The Best Way To Resolve Muscle And Joint Pain

May 9, 2024
The best way to resolve muscle and joint pain, city of London, St.Pauls private personal training

What is the best approach for unresolved muscle and joint pain?

Why you might want to try this.

You’ve had unresolved muscle and joint pain that just won’t go away. You may have tried steroid injections, joint manipulations, rehab exercises from your physio but the pain just keeps coming back. You feel you’ve tried almost every method and treatment available and it just hasn’t worked.

What's different about this approach?

Bespoke exercise, (exercise but not as you know it). This is exercise grounded in biomechanics. The thought process dives a little deeper than what you may have tried in the past.

What is exercise grounded in biomechanics?

In short, it’s the understanding of how force impacts your body when doing specific exercises.

Why exercise rehab might not have worked in the past?

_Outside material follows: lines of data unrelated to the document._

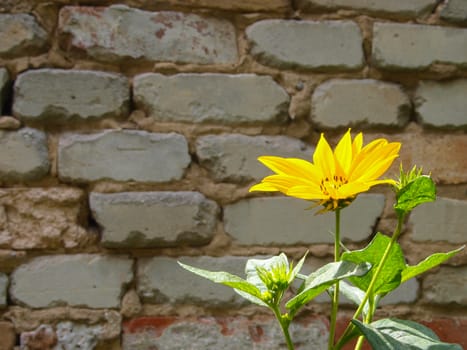 False Sunflower before the old brick wall.
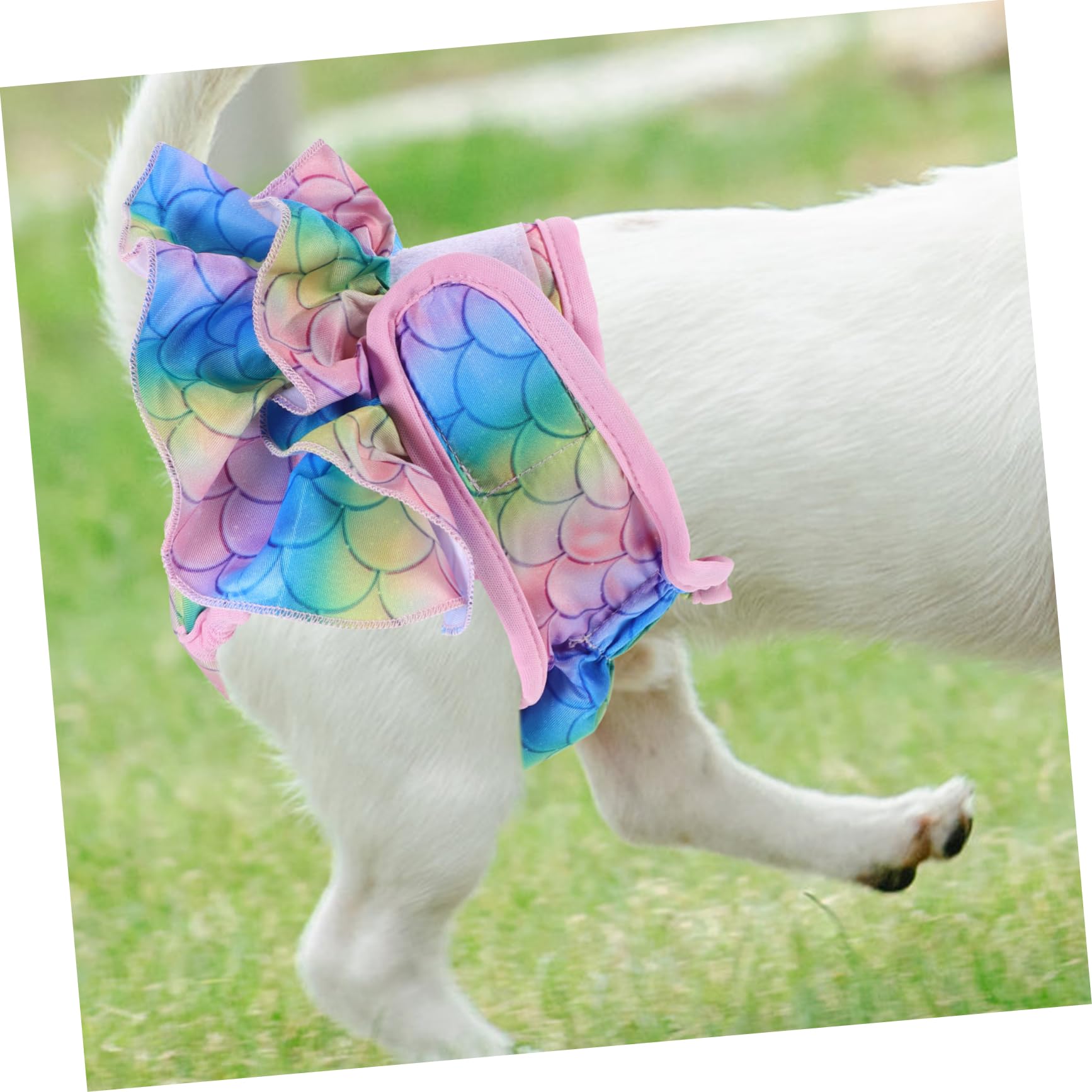 YARNOW 4piezas Absorbentes Reutilizables para Perros Pantalones Sanitarios Decorativos para Hembras para Perros Celo y Recuperación Material Transpirable y Cómodo Estilo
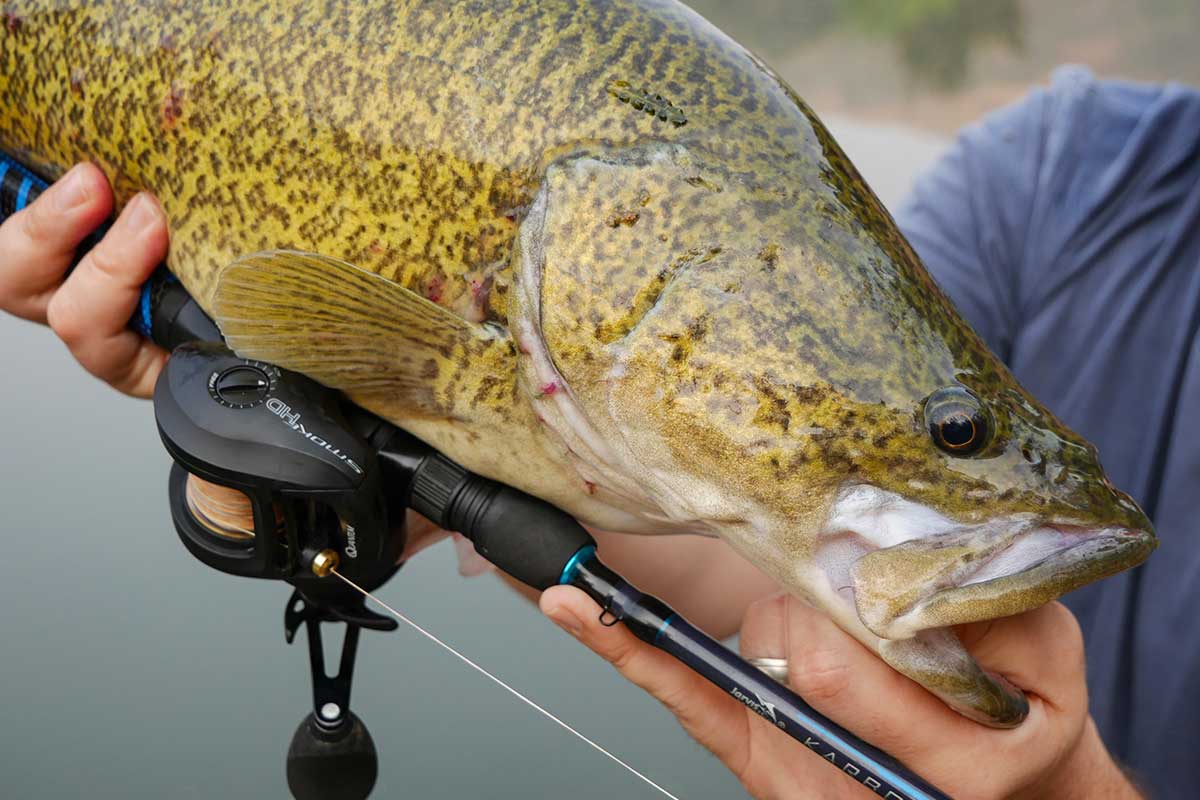 best baitcaster reels australia Shimano Curado K Baitcast Reel performance reel designed for serious anglers seeking reliability and precision in their fishing gear. Baitcaster Reels - The Fishing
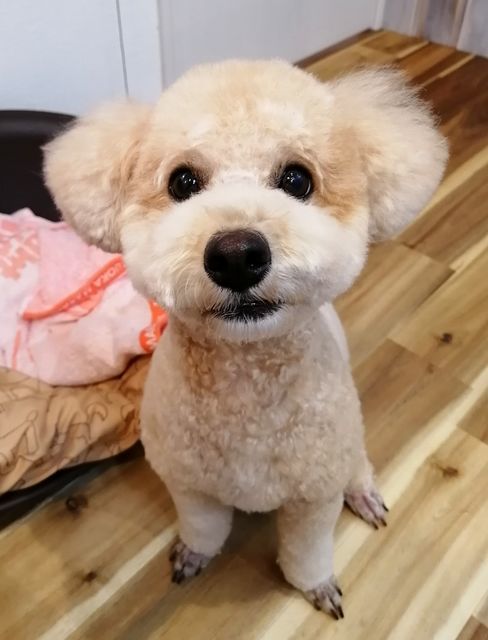 f:id:dogsalon-oluolu:20200929232137j:plain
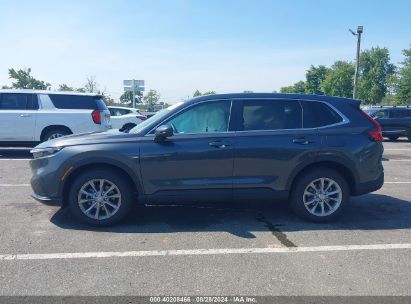 Lot #2996535742 2025 HONDA CR-V EX-L AWD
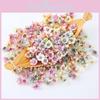 Mini Seiden Gänseblümchen Köpfe Für Zuhause Hochzeit Basteln Party Dekorationen Sonderzeichen Inklusive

Application is key - For this to work, it’s about attempting to load your muscles and joints with the appropriate exercise for your bone structure, muscle lengths and current muscular system tolerance.  

What is appropriate exercise?

This is specific exercise, that when performed, aims to contract the target muscle. The exercise is designed in a way that considers manipulating the resistance throughout the movement to match your strength. This can be done on a strength machine that uses a resistance-manipulating cam or designed on a cable machine. When designing the exercise we attempt to increase the resistance at the strongest part of the movement and reduce the resistance at the weakest part of the movement -  without eliciting a pain response. With this setup, the target muscle is appropriately challenged from the start of the movement to the end of the movement. In other words for every degree of movement your joint moves, the muscles are being challenged just the right amount to get a positive adaption.

Not too little. not too much, just the right amount to keep your muscular system happy. Once this is established, we have a great foundation to work from. We’ve managed to load the joint, and muscles without getting a pain response.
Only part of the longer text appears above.